Authors Top

If you have a few years of experience in the Linux ecosystem, and you’re interested in sharing that experience with the community, have a look at our Contribution Guidelines.

1. Introduction

Systems exist to serve their users. While a user can be a human or another machine, accounts set permissions, storage, and general usage boundaries. In most cases, we have tools like useradd and adduser to set up and configure a new Linux account.

In this tutorial, we explore how to create a Linux user without using purpose-built commands by replicating their process step-by-step. First, we briefly summarize the steps that user creation tools employ. Next, we follow them one by one. Finally, we perform integrity checks to confirm no errors were made.

We tested the code in this tutorial on Debian 11 (Bullseye) with GNU Bash 5.1.4. It should work in most POSIX-compliant environments.

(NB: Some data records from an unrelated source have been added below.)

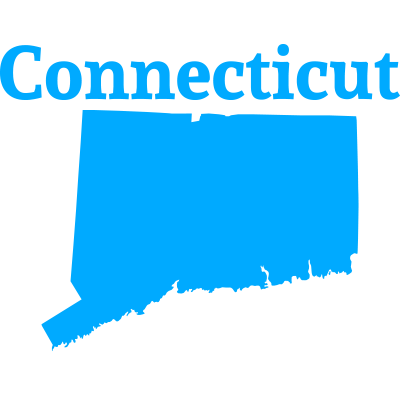 Connecticut Professional Solar Engineer Near Me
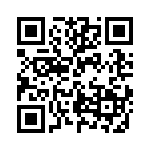 UHV1A152MPD QRCode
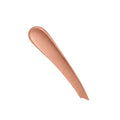 Revlon Ultra HD Matte Liquid Lipstick, 715 HD Glow, Velvety Finish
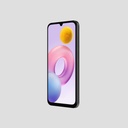 Celular Honor Play 20A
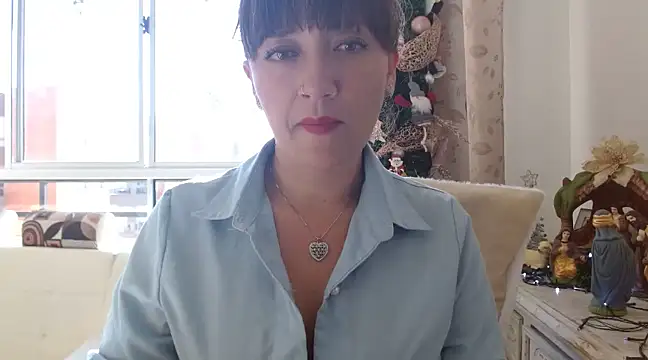 tata laima   online show from December 2024 01:09:02 PM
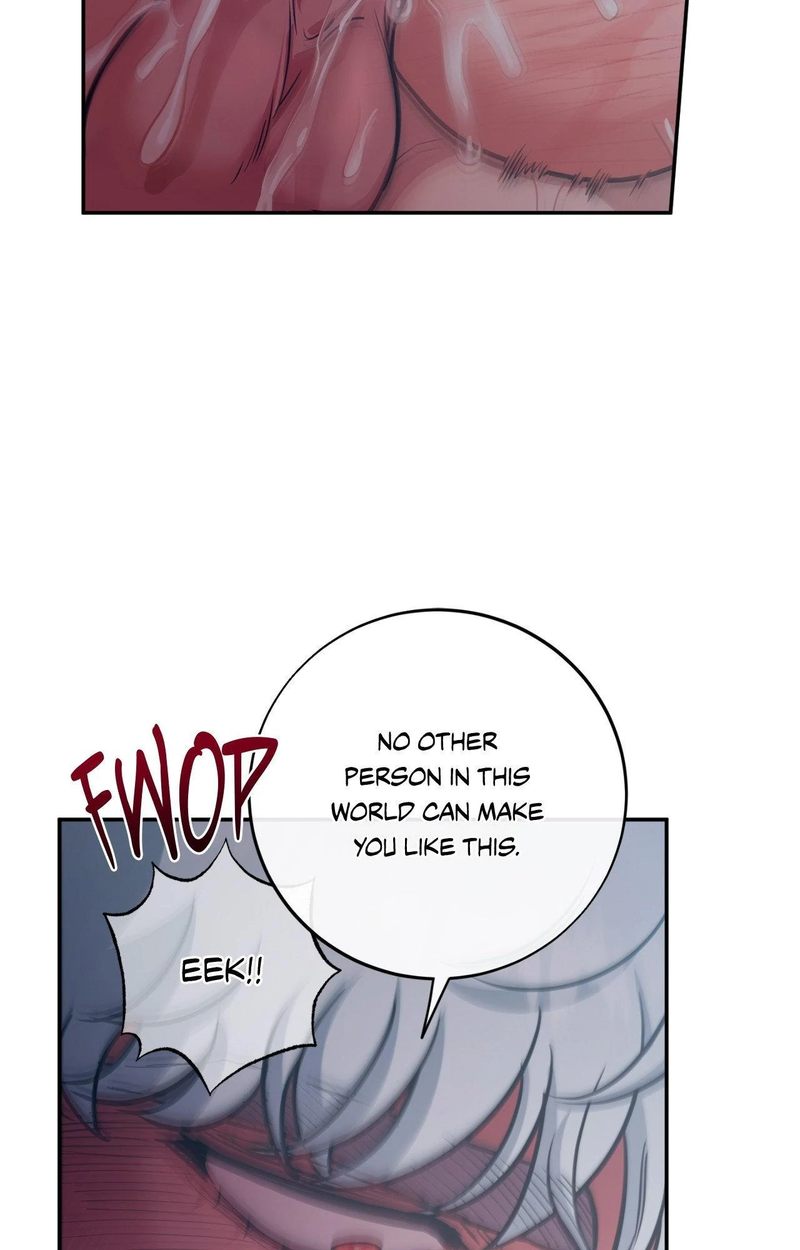 Hana’s Demons of Lust - Chapter 114 [photo 16] - MangaPorn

2. Linux User Creation Process

To manually create a user, we follow each step that a regular tool like useradd would:

  1. Append a line to the main user data file
  2. Append a line to the main group data file
  3. Create the user home directory
  4. Create a matching entry in the hashed user and group files
  5. Perform integrity checks

Indeed, there are several reasons for using tools to automate user adding instead of performing the actions manually:

  • syntax preservation
  • error checking
  • consistent information entry

Because of these and the sensitivity of our actions, we perform integrity checks after all other actions.

3. /etc/passwd

To begin with, the first step to user creation is an entry in the /etc/passwd, which holds basic user information in seven colon-separated columns per unique user row:

  1. Username – limited to around 1-32 characters on most distributions
  2. Password – stored hashed, where x means the actual hash should be in /etc/shadow
  3. User ID – unique numeric value
  4. Group ID
  5. User information – comma-delimited fields for additional free-text data
  6. Home directory – absolute path
  7. Command or shell – run on login

When editing /etc/passwd directly, it’s best to use a tool like vipw. Essentially, vipw locks /etc/passwd just like visudo does for the /etc/sudoers file. Importantly, vipw doesn’t automatically check the syntax after any edits.

Let’s append the following line with vipw for our new user baeldung:

$ vipw
[...]
baeldung:x:1010:1010:,,,:/home/baeldung:/bin/bash
[...]
You have modified /etc/passwd.
You may need to modify /etc/shadow for consistency.
Please use the command 'vipw -s' to do so.

Here, we make up the user and group ID numbers but ensure they are unique. Despite the warning telling us we need to add the necessary changes to /etc/shadow, we do that in the end for security reasons.

4. /etc/group

Since we added a made-up group ID for our user to /etc/passwd, we should now configure an actual group that matches it.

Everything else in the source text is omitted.